Monday, May 7, 2018

Beginning with No

“The art of leadership is saying no, not saying yes. It is very easy to say yes.”
-Tony Blair

A poster on LinkedIn brought a very interesting piece of information to my attention. He said that the word “No” is one of the first 10 words that a baby will learn in their lifetime, whilst the word “Yes” doesn’t make it into the top 20. I have not researched this myself, but it sounds quite accurate to me, so for the sake of this article, I will assume it as fact.

Facts are a very interesting thing. By definition they are not debatable. However, that does not mean that facts can not cause a debate. Two people can take the same factual information and come to very different conclusions.

The poster who alerted me to this fact used it to suggest that saying “no” is easier than saying “yes”. It is easier to avoid responsibility (i.e. saying “no”) than it is to take responsibility. He suggested that we need to become a “Yes Man”, someone who is willing to commit, willing to step up and take responsibility, willing to become a leader.

He later suggests that we tell our children “no” far too often. Suggesting that perhaps we need to do a better job communicating with our children, trying to find ways to say the same thing, without using the word “no”. I also saw others who work in the mental health field who voice a similar view.

I’d like to offer two points about this. First, there are very good reasons why kids get accustomed to hearing the word “no” very often. I know, I say it to my toddler many times per day. When he opens the refrigerator and takes ahold of a raw egg. When he grabs his sister’s ponytail and pulls. When he takes possession of a sharp object. These are just a few of the recent nos that he received. None of these are situations which can really be dealt with in another way.
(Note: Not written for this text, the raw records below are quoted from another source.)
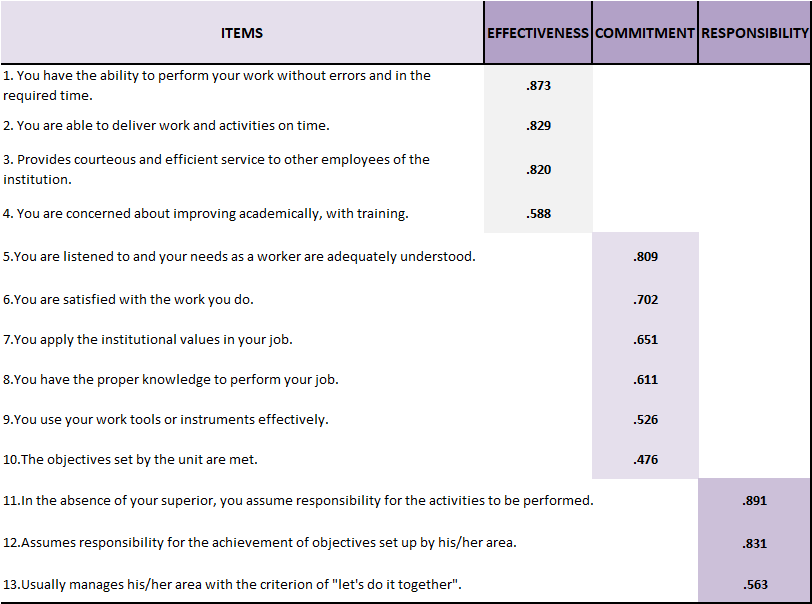 Exploratory factor analysis of the productivity instrument.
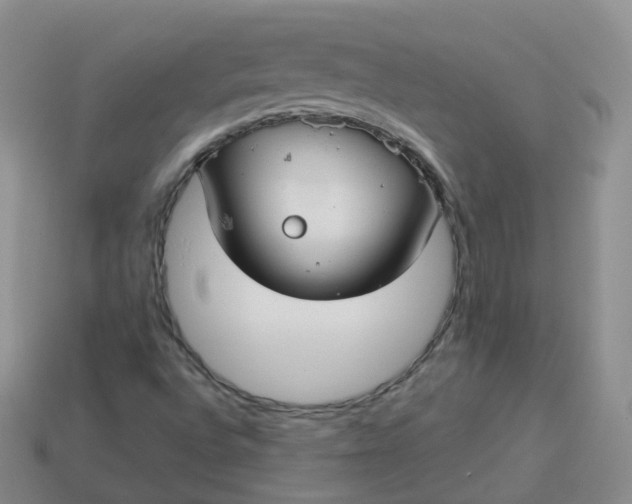 X0000114021496200910161744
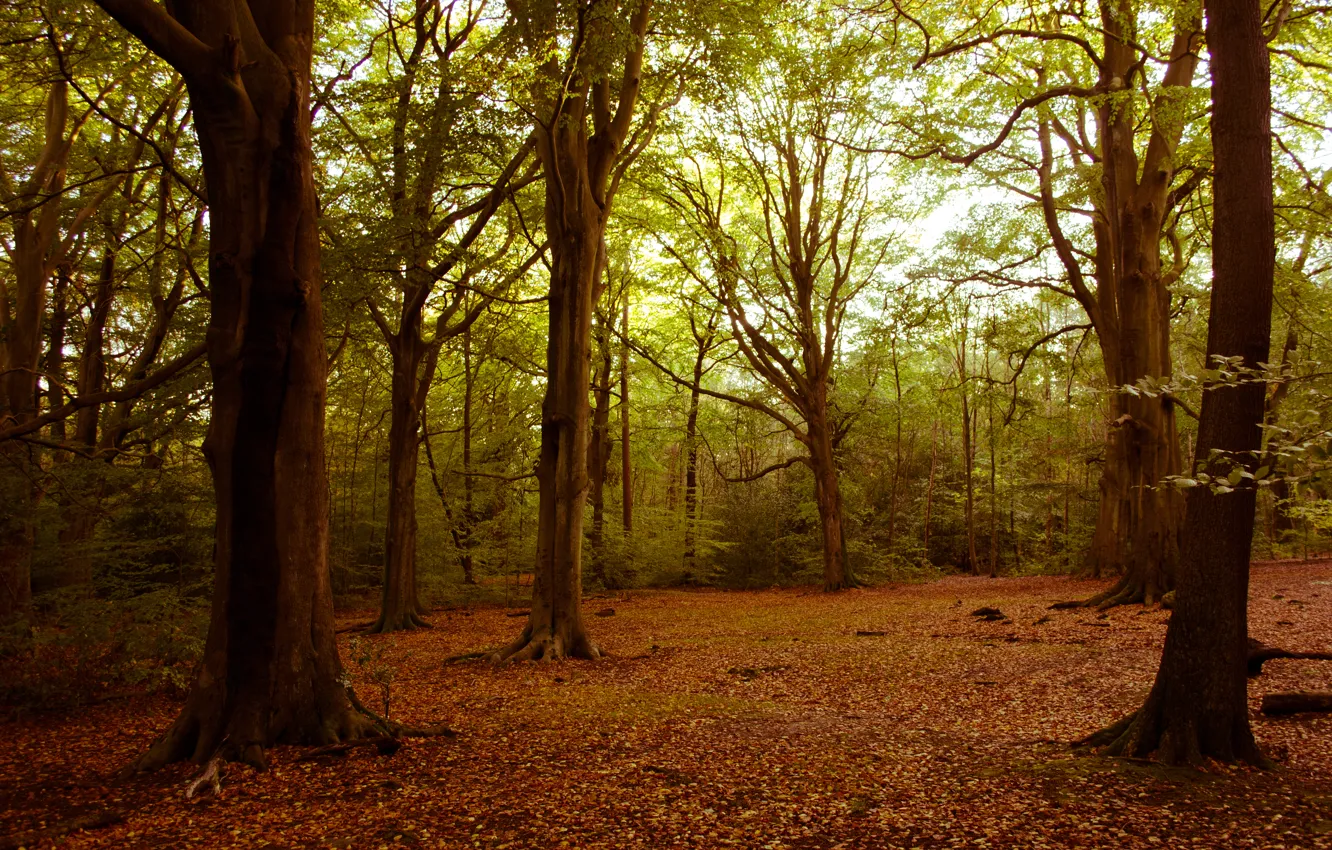 Photo wallpaper forest, trees, leaves, branches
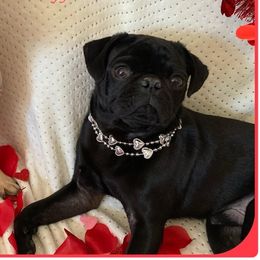Jack - Pug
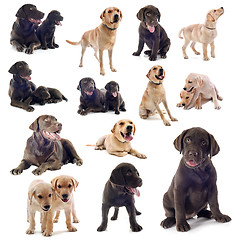 Image showing group of labrador retriever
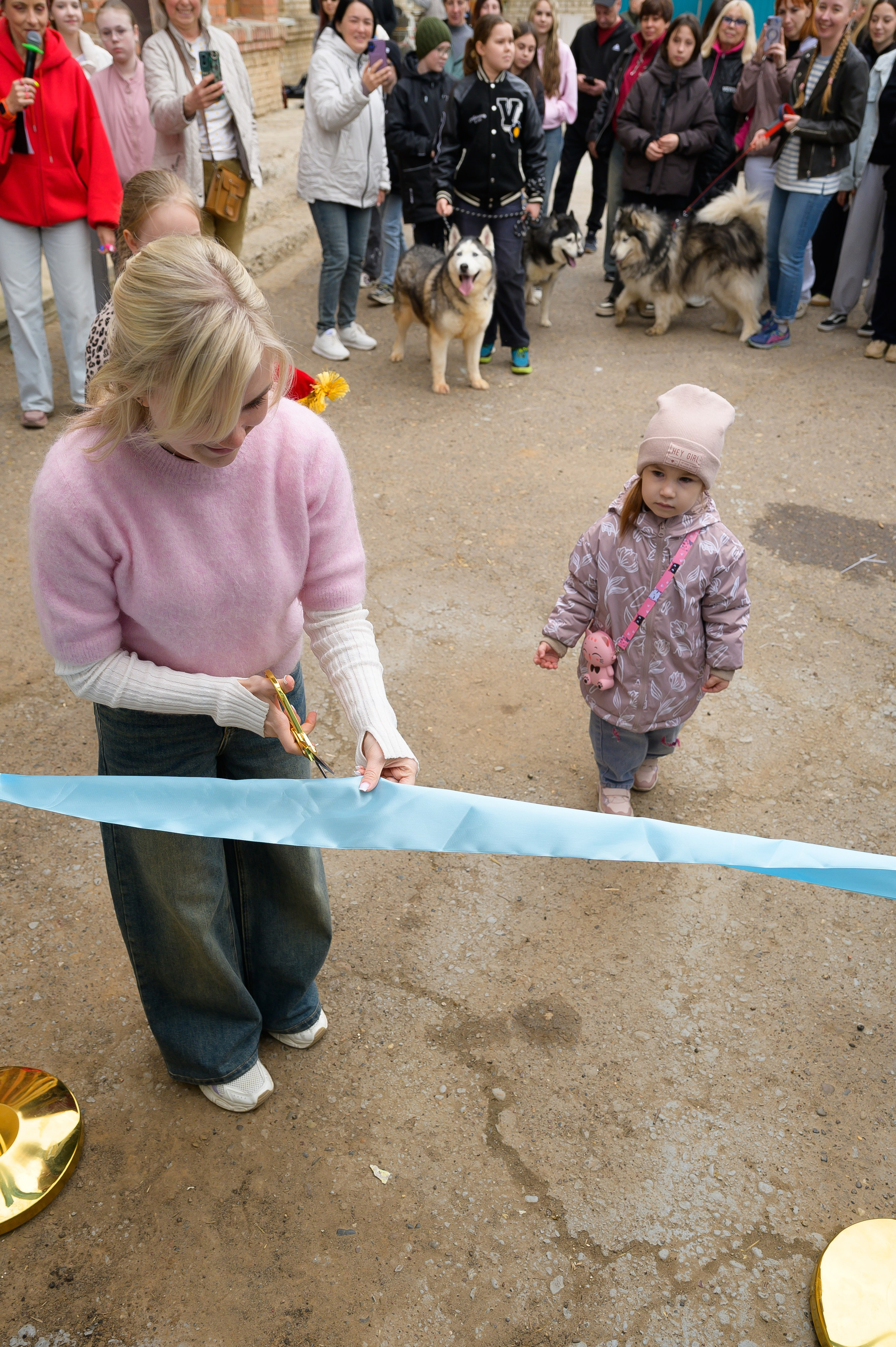Открытие приюта для собак породы Хаски «Хаски дом»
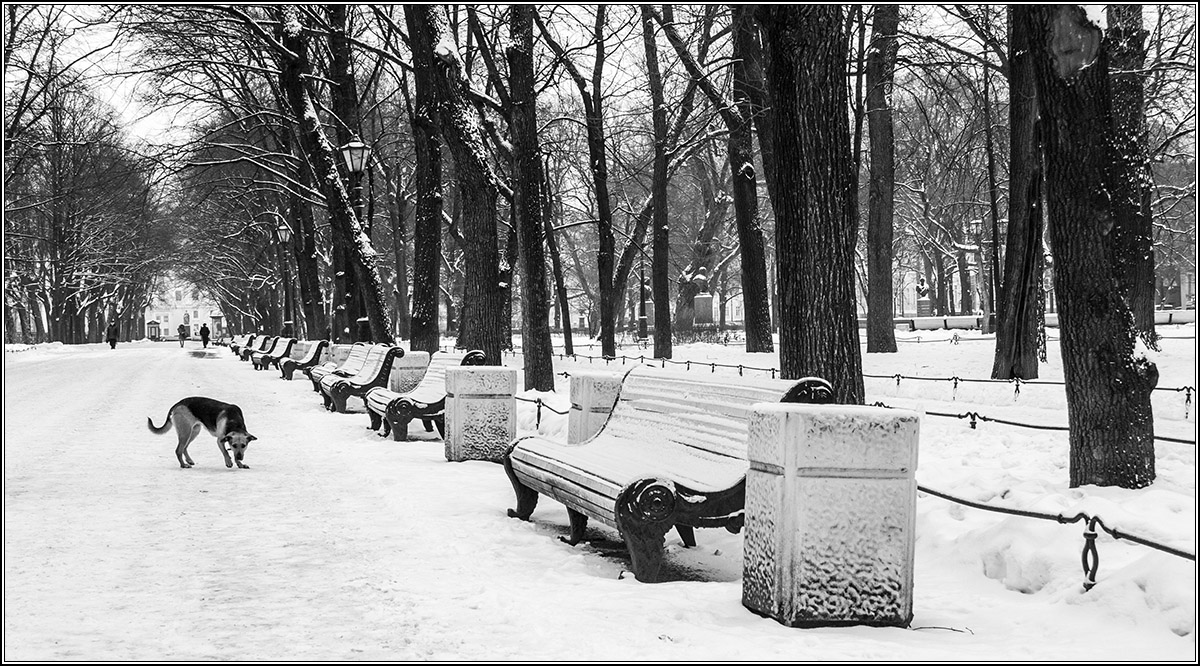 Депрессивный Петербург.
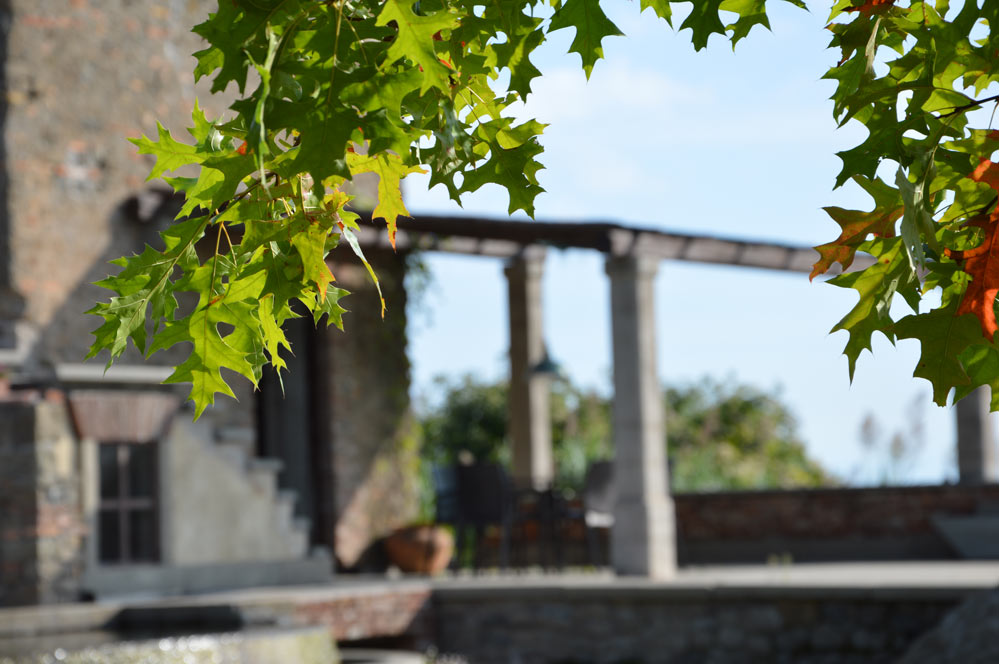 DSC_0669 DSC_0669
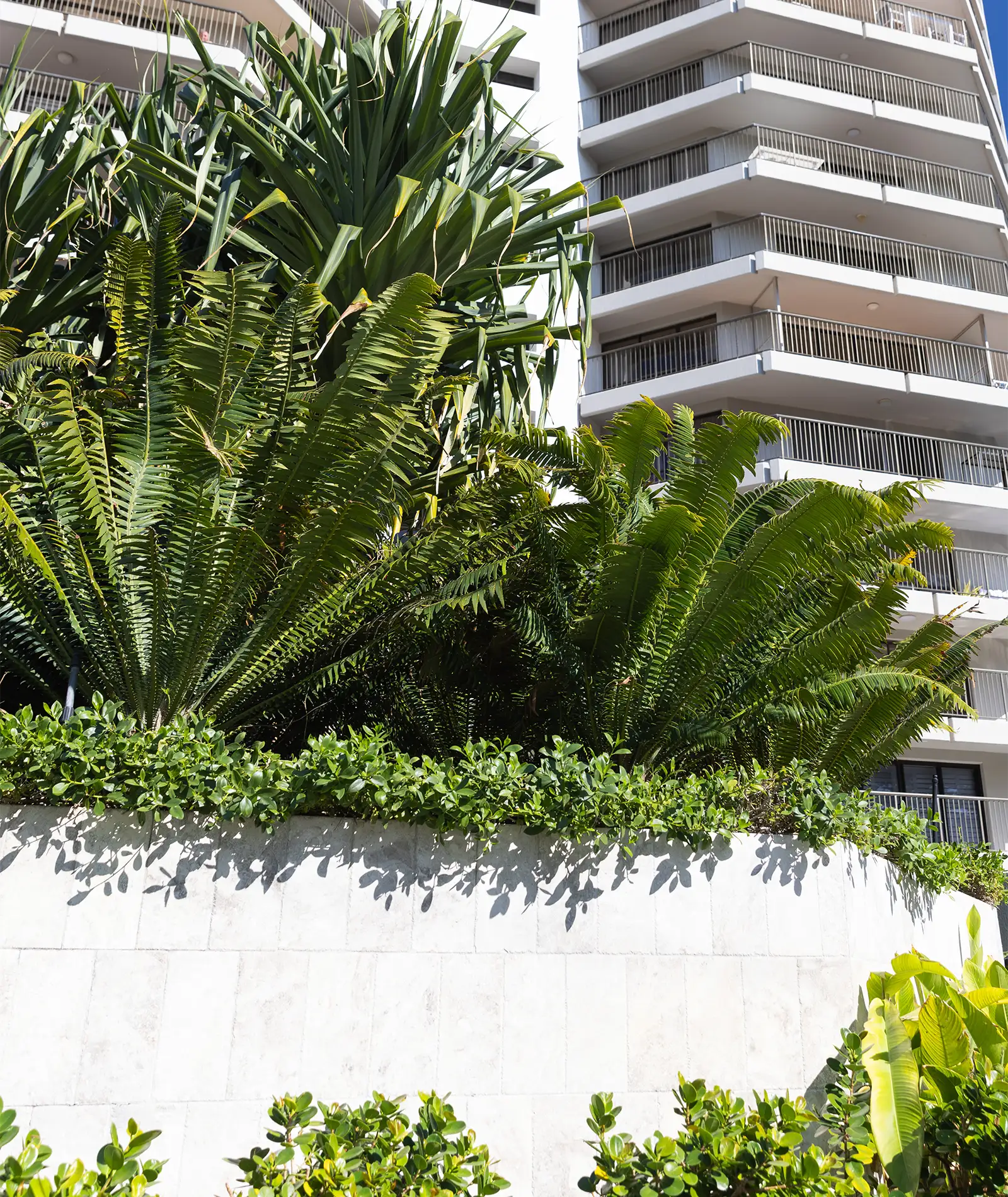 Burleigh Esplanade Brooke's Blooms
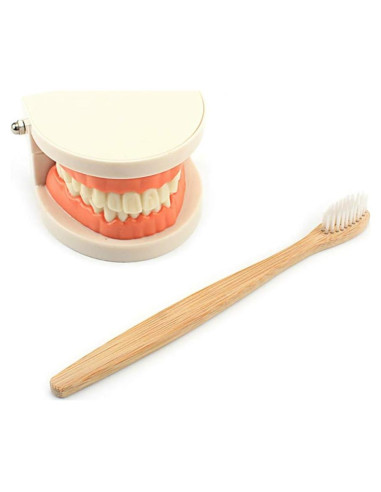 Juguete Educativo DANNI Montessori Cepillado de Dientes 25x20cm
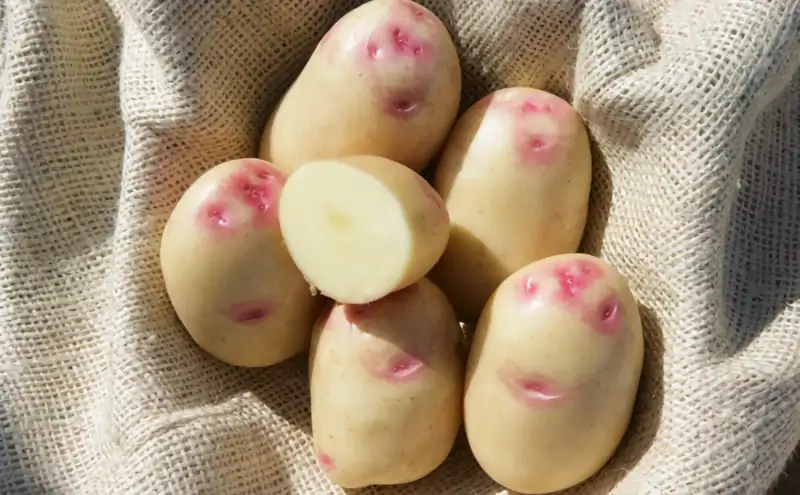 king edward potatoes on sacking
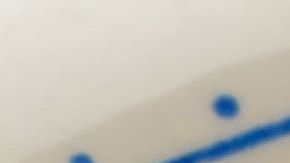 El chile lleva los tres colores del Ejército: verde, con el chile poblano; blanco, con la nogada; rojo, con la granada.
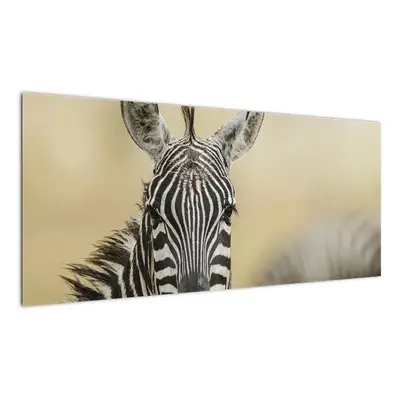 Zebra - obraz (100x40cm)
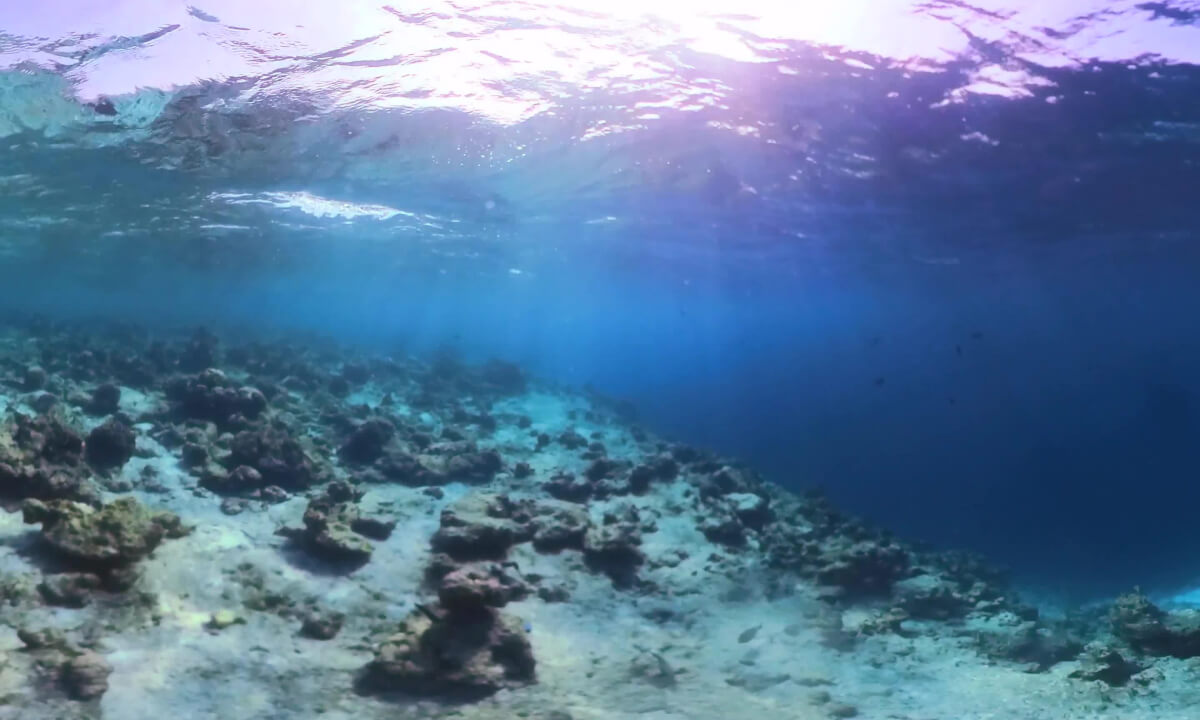 360° Snorkeling in Kurumba Reef Maldives 🐠 | Colorful Tropical Fish Near kurumba resort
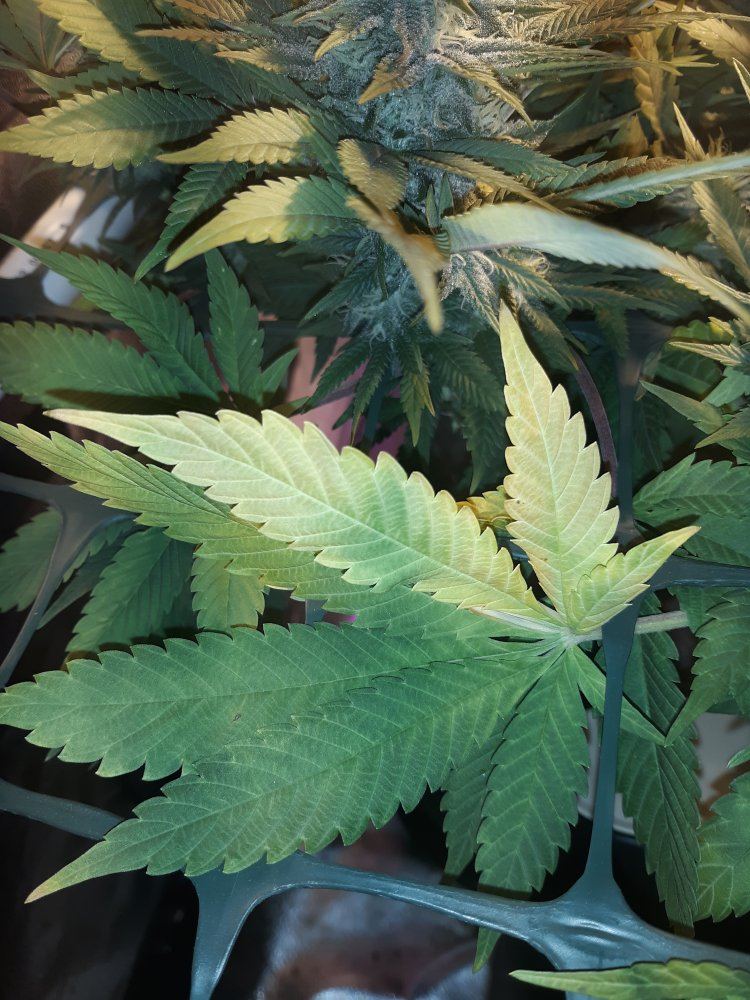 Help with yellowing leaves 5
But as children age, parents should try to find alternate ways of saying what they are trying to convey, without using the word “no”

Example: Child wants to color, but the parent wants the child to be in pajamas.

Child: Can I color?
Parent: No, you aren't in pajamas yet

Here is an alternative approach

Child: Can I color?
Parent: Sure, but only after you get into pajamas

The parent has said the same exact thing, without using the overused word “no”.

The second point I would like to make isn’t about what we say to others, rather, it is what we say to ourselves. We are all a product of our upbringing, and that includes a product of being told “no” very often. People process “no” as a negative. Are we negative to ourselves simply because of all the negatives we have amassed over the years? Do we view ourselves as lesser simply because we took the nos of our younger years and nurtured them with more negativity? Granted many of the nos of our younger years were needed and deserving, but that doesn’t mean we need to allow it and the negativity that it yielded to remain a core part of our thoughts about ourselves.

At this point, some of you might be wondering why I chose to begin with a quote that seems to be the antithesis of the direction of this article. The answer is quite simple, because there is a time for a no and there is a time for a yes. There are times when no is the easier word to say and there are times when yes is the easier word to say.

There are times when the no needs to be delivered softly, or in an indirect way, and there are times when it should be a very blunt “NO”. The wisdom comes from knowing which rule applies when.

For this reason, I am personally turned off by the very many “gurus” who preach absolutes. This yes and no discussion had the very real possibility of being interpreted as an absolute. I did not want my readers to think that I was preaching an absolute. 

Absolutes can be extremely dangerous. Sometimes the person who is the exception hears it, without knowing that they are the exception.

I have heard many such “absolutes”. Here are a few examples:

Never run from something, only to something - Not good advice for victim of domestic abuse

No one ever succeeds without taking risks - Can the person properly calculate the nature of the risk? Will they blindly take risks simply because they feel the need to be risky? 

Opening a restaurant without a proper license and without a chef is risky. Does the listener believe that this is the type of risk they need to take in order to succeed, or do they realize that this reward isn't worth the potential risk involved?

Never Give Up - Sometimes the better advice is to cut one’s losses and move on. The investors who gave up on Enron or Circuit City after losing 50% percent of their investment did better than those investors who “never gave up”.

One needs to be extremely careful when using absolutes, as one can never be certain that the message that they are trying to convey is indeed the message that is being heard. Additionally, the listener might very well hear the message as intended, yet they might later apply it incorrectly.

Yisroel Picker is a Social Worker who lives in Jerusalem. He has a private practice which specializes in working with people of all ages helping them understand their own thought processes, enabling them to improve their level of functioning, awareness, social skills and more. He also lectures on the topics of communication and child safety.